Clearly, those in power and positions of influence are trying to cut the reporters to size.

Earlier, we carried a lot of weight. We were they eyes and ears of the news gathering system. Now we live in an era of social media where news is breaking on Twitter and Facebook.

The powerful assume they need no one on the ground to be asking questions. They think their message can be delivered directly to the newsroom.

Recently, a reporter told me a senior leader of a political party had called her editor-in-chief to complain she hadn't run his interview.

Reporters aren't postal staff, who pick up letters and drop them to addresses without any ifs and buts. Are they?

These days, press conferences have become the biggest PR exercises for all political parties because tough questions have become rare.

A case in point is a press conference that I happened to cover - of BSP chief Mayawati, at her party office on New Delhi's Gurdwara Rakab Ganj Road.

After a near 45-minute address, she threw the house open for so-called questions. It appeared to be a departure from her earlier practice of not taking questions. I was excited and enthusiastically raised my hand. She nodded in response.

"Behenji, the PM and Amit Shah say that it's the BSP that has suffered the most due to demonetisation," I asked, noticing a change in her expressions. "Even the UP CM has said it," I continued.

But before I could complete my question, she cut me short. "It seems that she has been sleeping during the press conference. Your question is over," the BSP leader retorted.

And that was the end of it. She was not interested in my questions. Later, a journalist covering the BSP for a long time told me that Behenji sensed where my question could have led the news conference. She just won't allow anything that would make her uncomfortable, the reporter said.

I feel the political class is increasingly becoming intolerant. Painting and tainting is becoming a norm.

"Either you are with us or you are with them (against us)." That appears to be the new phenomenon.

In the past too questioning ministers on their own power trip was not easy, but then journalists were not compartmentalised as Sanghi or Congressi.

The changing role of the media can be understood by the press conferences then PM Manmohan Singh held, three of them during his ten years in office.

The last being in 2014 when a journalist asked him about the perception that UPA chairperson Sonia Gandhi was stronger than the PM. A senior fellow journalist, Neeraj Gupta asked him whether it was true that the government was run by 10 Janpath and all decisions were approved and stamped there, instead of 7 RCR.

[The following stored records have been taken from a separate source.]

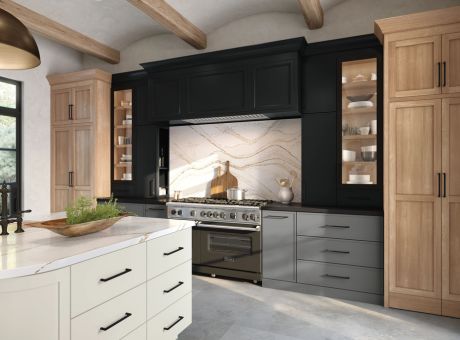 A modern kitchen featuring black and light wood cabinetry, a stove with a hood, and a marble backsplash under a high ceiling with exposed beams.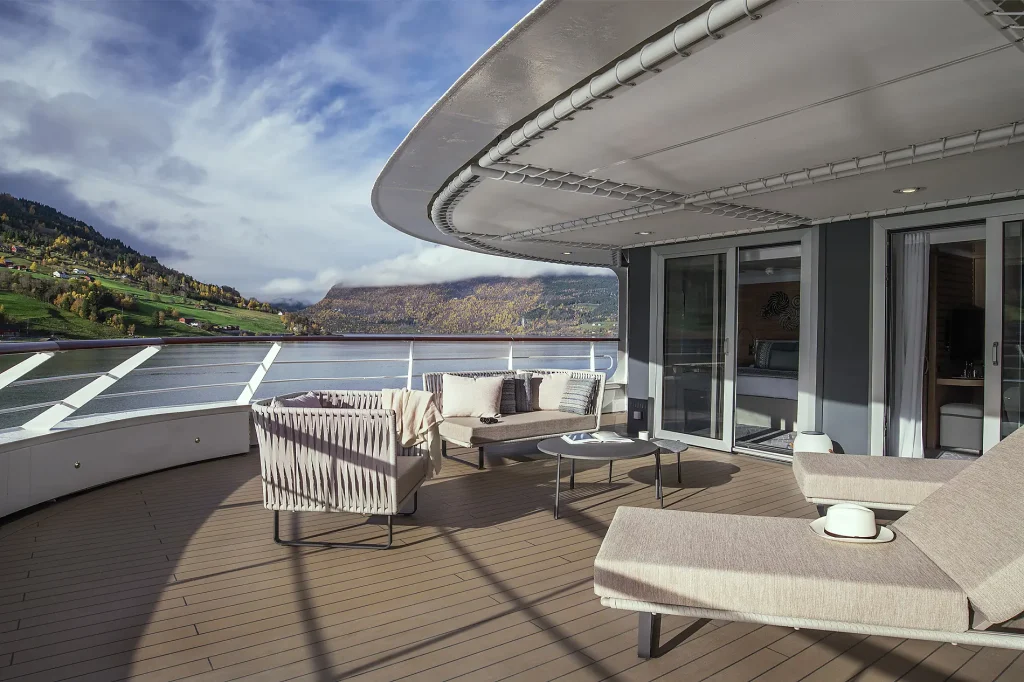 Wide ship balcony with lounge seating overlooking a calm fjord and autumn hillsides.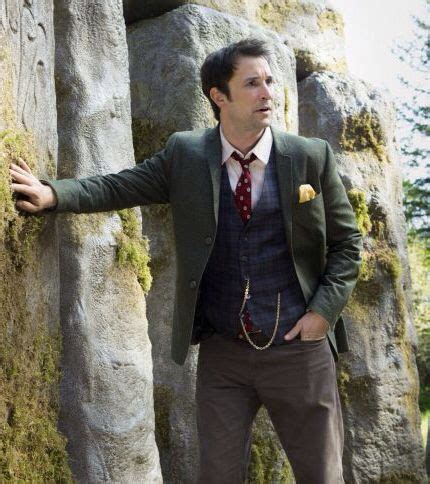 a man in a suit and tie standing next to large rocks with his hands out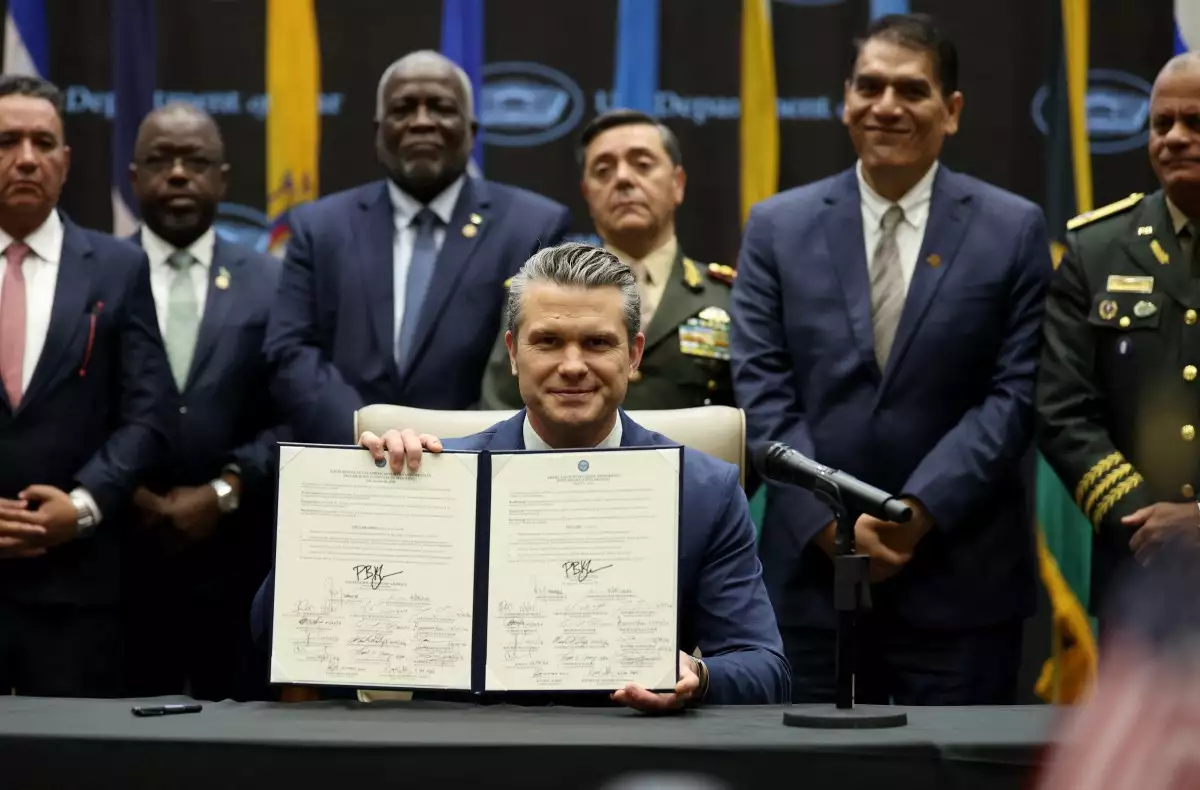 El Secretario de Defensa, Pete Hegseth, celebra una Declaración de Seguridad Conjunta de la Conferencia Contracártel de las Américas después de firmarla mientras los líderes regionales de defensa y seguridad del Caribe y América Central y del Sur lo respaldan durante la Conferencia inaugural contra el Cártel de las Américas en la Sede del Comando Sur de los Estados Unidos el 5 de marzo de 2026 en Doral, Florida.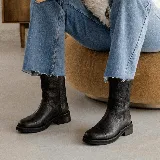 Bota de caña media en cuero negro con textura granulada, diseño de puntera reforzada y suela plana de goma con pequeño tacón.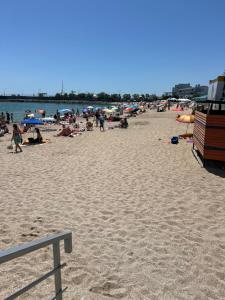 a group of people on a beach with the water at Апартаменты в 5 минутах от моря, пляж Черноморка, Одесса in Odesa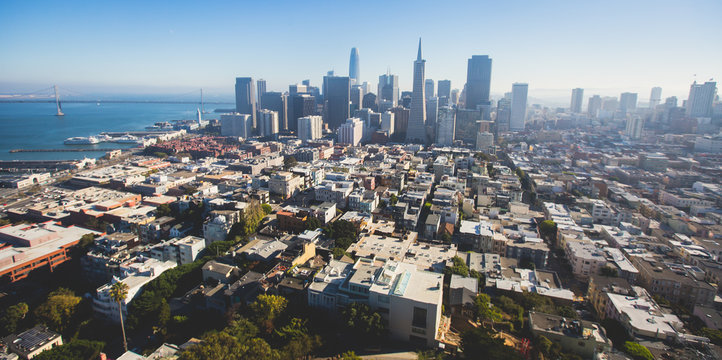 Beautiful super wide-angle aerial view of San Francisco, California, with Bay Bridge, Downtown, Ferry Market, and skyline scenery beyond the city, seen from the observation deck of Coit Tower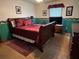 Bedroom with a sleigh bed, dresser, and window coverings at 410 Kilcrease Rd, Auburn, GA 30011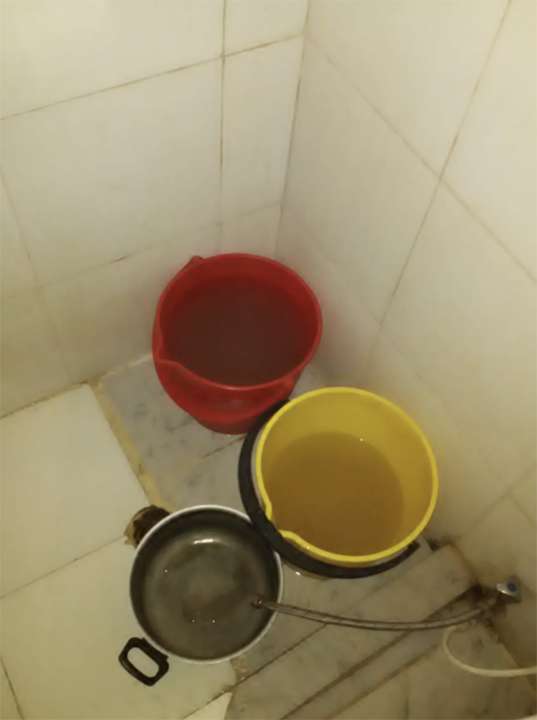 Once he was moved to a cell that had running water, Josh Holt collected it in buckets like this so he and his cellmates could use it to bathe and drink. Frequently, it was filled with brown sediment. Josh Holt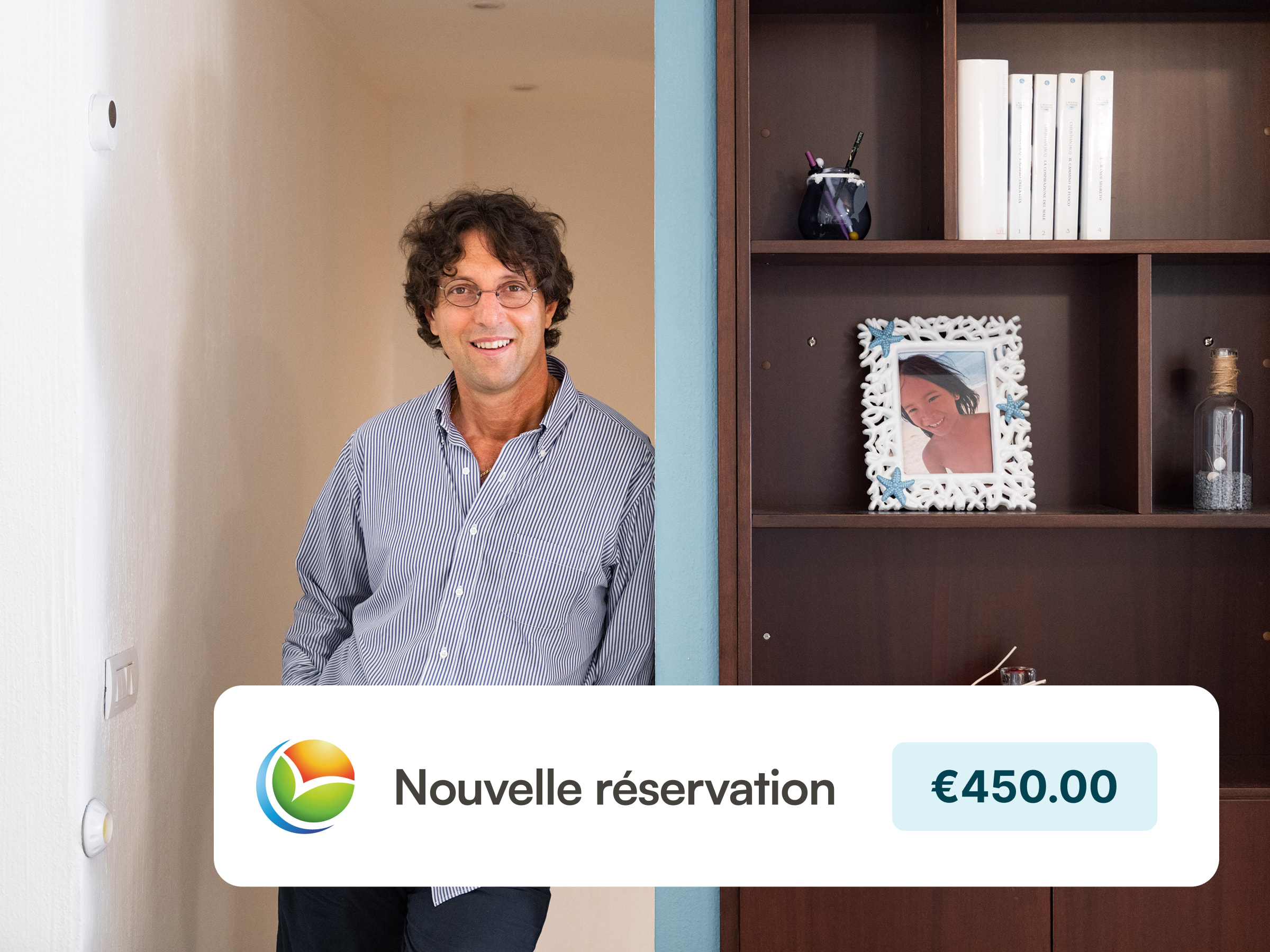 A happy host standing in his vacation rental next to a decorated shelve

These were the questions that dominated the public discourse then. PM Singh's answers to them made headlines.

His response was measured and calm. He didn't look agitated or angry. He admitted graciously enough that Sonia Gandhi was a guiding force, and left it to history to judge him.

The present PM has yet to hold a news conference.

But prime minister Modi has time on his hands. Before we leave it to history, let's do a reality check and ask if we'll ever get an opportunity to play our part boldly as the fourth pillar of democracy.